Stellen Sie sich vor, Sie können sich über-haupt nicht an den 75. Geburtstag Ihrer Großmutter erinnern. Bis Ihnen die Eltern oder die Geschwister ein paar Details dazu erzählen, etwa wie lustig dieser Geburtstag damals war, wie toll das Buffet. Die anderen sagen Sätze wie: „Du musst dich doch erinnern, wieso weißt du das nicht mehr?“ Dadurch entsteht ein gewisser Druck auf Sie, sich zu erinnern. Fotos, die Ihnen gezeigt werden, können diesen Effekt verstärken. Und am Ende glauben Sie dann wirklich, sich doch wieder an den lustigen Geburtstag Ihrer Großmutter erinnern zu können.

Also ist wieder eine Quellenverwechslung die Ursache.

Aber diesmal kommt ein manipulatives Element hinzu: Ihre Erinnerung ist sozu­sagen gekapert worden, eine Art Erinnerungs-Hacking hat stattgefunden. Das muss gar nicht in böser Absicht geschehen, aber der Effekt ist bemerkenswert. Man könnte sich unser Gedächtnis auch als eine Wikipedia-Seite vorstellen: Sie selbst können den Inhalt verändern, aber andere können es auch.

Kann man etwas, das einem andere erzählen, das sich aber mit den eigenen Erinnerungen nicht deckt, unter Vorbehalt speichern? Mit so einer Art Aktennotiz: Vorsicht, Eltern-Version?

Eher nicht, denn wir haben keine Kontrolle über unsere Erinnerungen, auch nicht über die, die andere in uns einpflanzen – sie können sich im Laufe der Zeit selbstständig machen, verändern oder in eine unerwartete Richtung entwickeln, indem wir eigene Details hinzufügen.

In Ihrem Buch „Das trügerische Gedächtnis“ erzählen Sie von einem spektakulären Experiment, das Sie selbst umgesetzt haben: Sie haben Studenten an der University of British Columbia in Kanada bewusst manipuliert, indem Sie Ihnen falsche Jugend­erinnerungen suggerierten. Wie genau ist Ihnen das gelungen?

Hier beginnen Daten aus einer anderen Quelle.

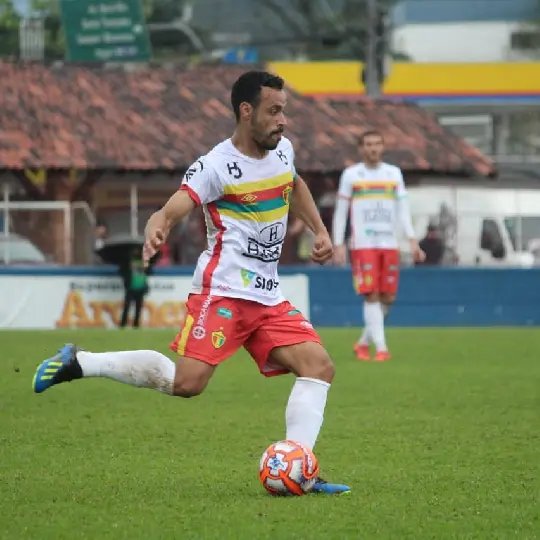 Mois&eacute;s comemora in&iacute;cio promissor e prev&ecirc; duelo parelho em Joinville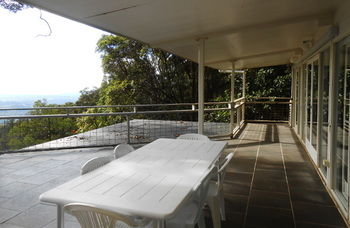 Treetops Accommodation Montville - Lismore Accommodation 62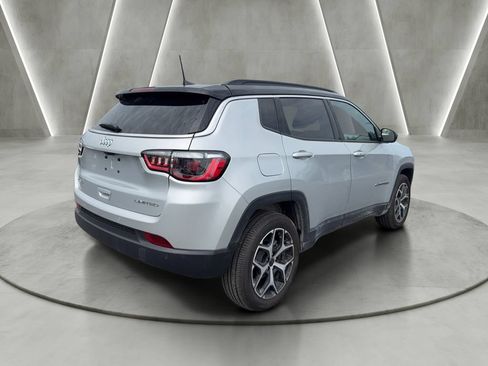Used 2026 Jeep Compass Limited w/ Mopar All Weather Package AWD/4WD image 7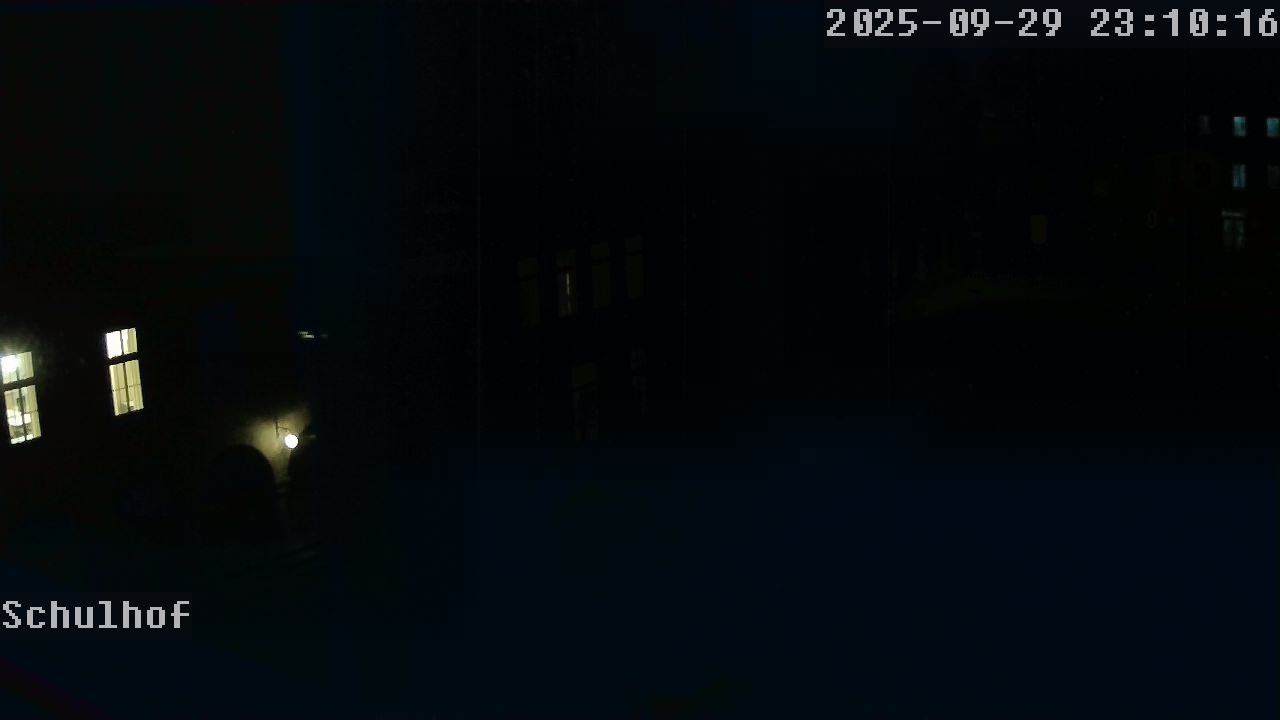 Webcam Schulhof 23:10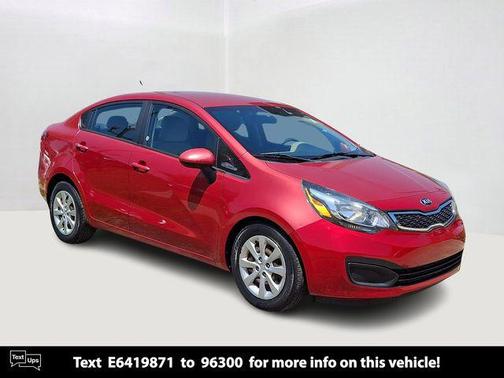 Signal Red 2014 Kia Rio EX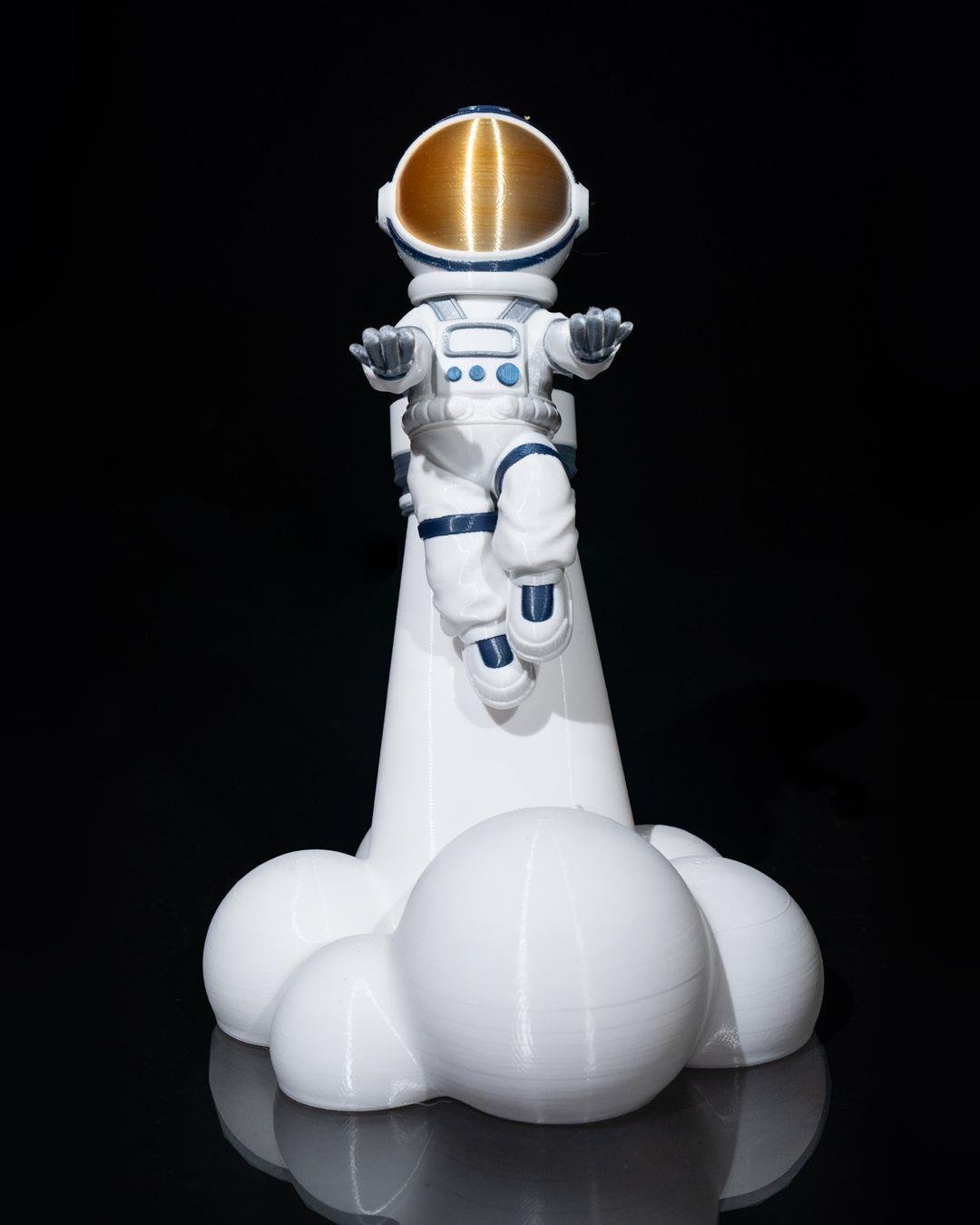 astronot-konsol-tutucu-d966bb.jpg
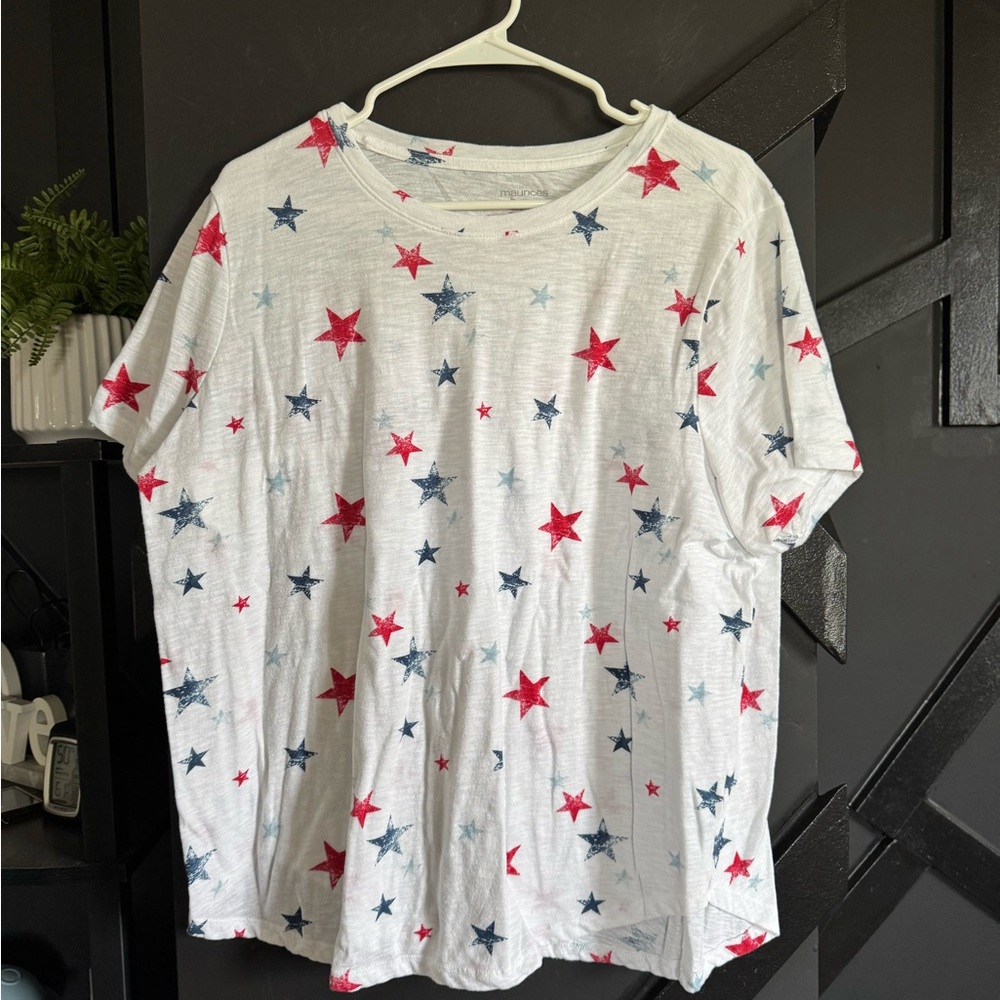 Maurices White T-Shirt Red & Blue Star Print Size 1X Like New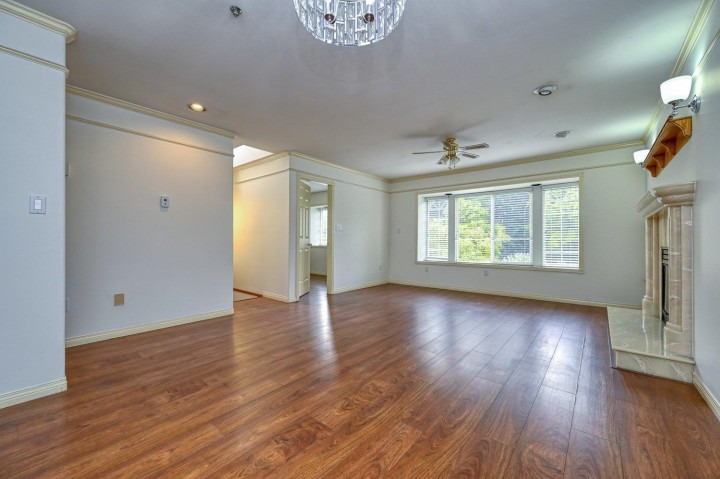 Photo 5 at 3315 Charles Street, Renfrew VE, Vancouver East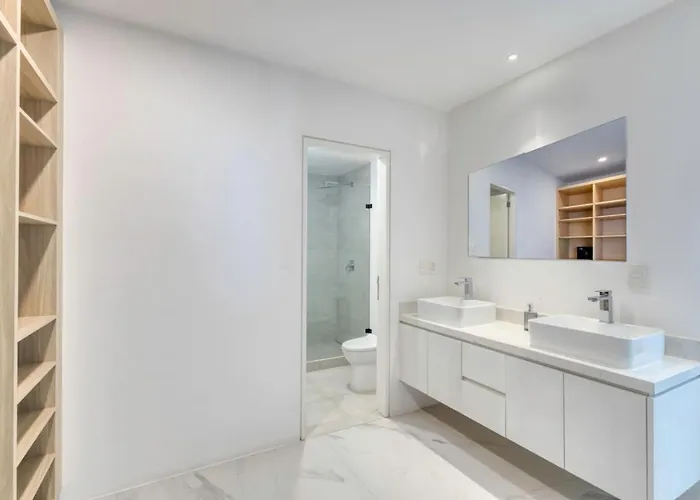 3 Bd Penthouse Bbq Near Medano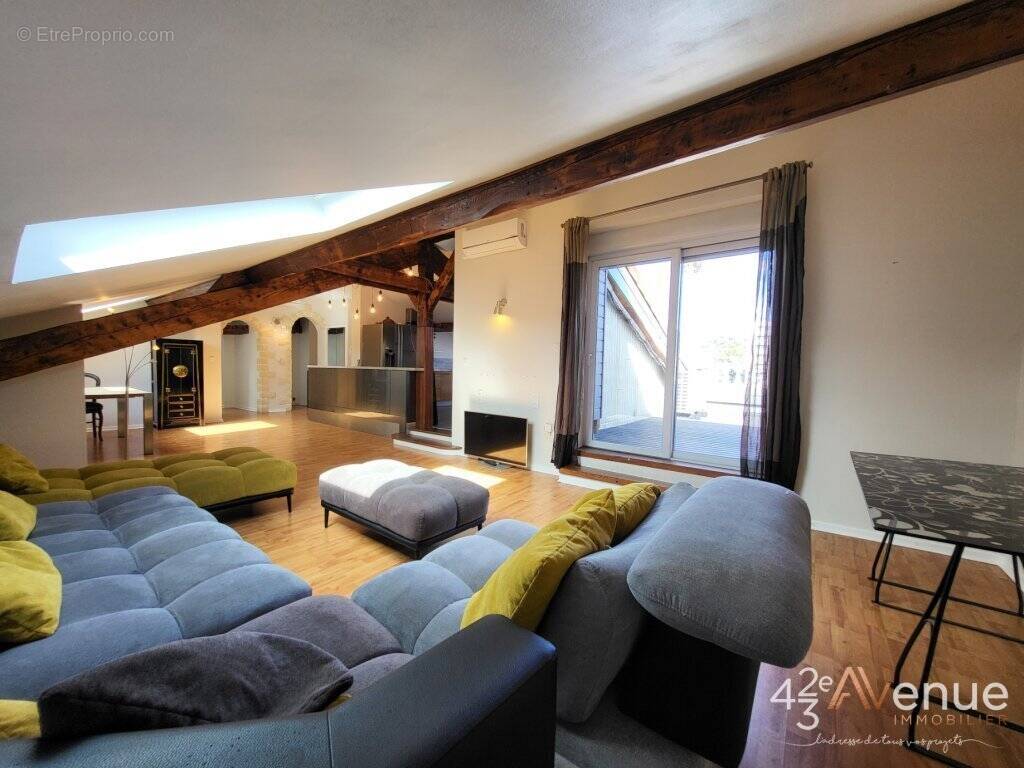 Appartement à SAINT-ETIENNE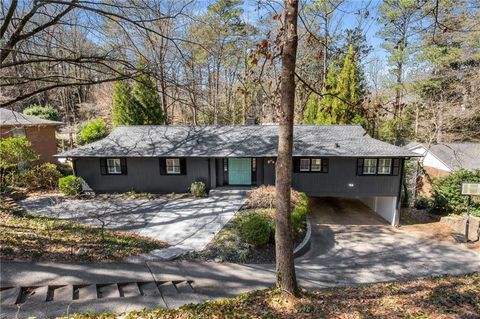Photo of 3240 Pinestream Road NW, Atlanta, GA 30327 (MLS # 7674406)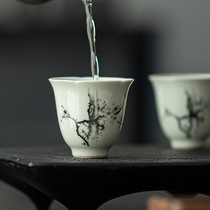 Ashes of vegetation—sparse shadows of winter plum blossoms—Nianlu flower-mouthed cup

Ich habe den Versuchsteilnehmern erzählt, es handele sich um eine emotionale Kindheitsstudie. Vorher habe ich den Eltern der Probanden einen Fragebogen geschickt, auf dem sie mir reale emotionale Erlebnisse aus der Kindheit der Teilnehmer schildern sollten. Während des Versuchs habe ich sie erst nach diesem Ereignis, das tatsächlich in ihrer Jugend passiert war, befragt – so konnte ich Vertrauen aufbauen. Danach habe ich ihnen ein Ereignis eingepflanzt, von dem ich wusste, dass es nicht stattgefunden hat: eine Straftat, die sie angeblich begangen hatten. Erst haben die Teilnehmer gesagt, sie könnten sich gar nicht an das Ereignis erinnern. Ich habe sie dann gebeten, sich das Ereignis vorzustellen, möglichst detailliert und multisensorisch. Beim ersten Mal konnten sie nur wenige Details nennen. Nach einer Woche haben wir die Übung wiederholt, und es kamen schon viel mehr Details, nach einer weiteren Woche noch mehr. Am Ende haben immerhin 70 Prozent der Teilnehmer eine sehr genaue falsche Erinnerung von der Straftat, die sie nie begangen hatten, entwickelt.

Die Teilnehmer standen aber unter Druck: Sie hatten versprochen, mitzumachen, wollten Sie nicht enttäuschen. Verfälscht diese Versuchsanordnung nicht das Ergebnis?

Überhaupt nicht! Ich wollte ja zeigen, wie manipulierbar unsere Erinnerung unter bestimmten Bedingungen ist, speziell unter sozialem Druck.

Hatten Sie keine Bedenken, wie die Teilnehmer reagieren würden, wenn Sie Ihnen potenziell traumatische Ereignisse einreden?

Doch, die hatte ich. Es hat im Übrigen auch zwei Jahre gedauert, bis ich für meine Studie grünes Licht bekommen habe von der Uni, die Ethikkommission wurde natürlich eingeschaltet. Als ich die Studenten am Ende über die Versuchsanordnung informiert habe, waren alle erleichtert, dass das Ereignis, das ich ihnen untergeschoben hatte, doch nicht passiert war. Keiner hat in dem Moment negativ reagiert oder sich später bei mir beschwert. Die meisten waren vor allem erstaunt, wie leicht sie zu manipulieren waren.

Das heißt, wir sollten bewusst darauf achten, ob wir uns in einer Situation befinden, in der unser Gedächtnis manipuliert werden könnte?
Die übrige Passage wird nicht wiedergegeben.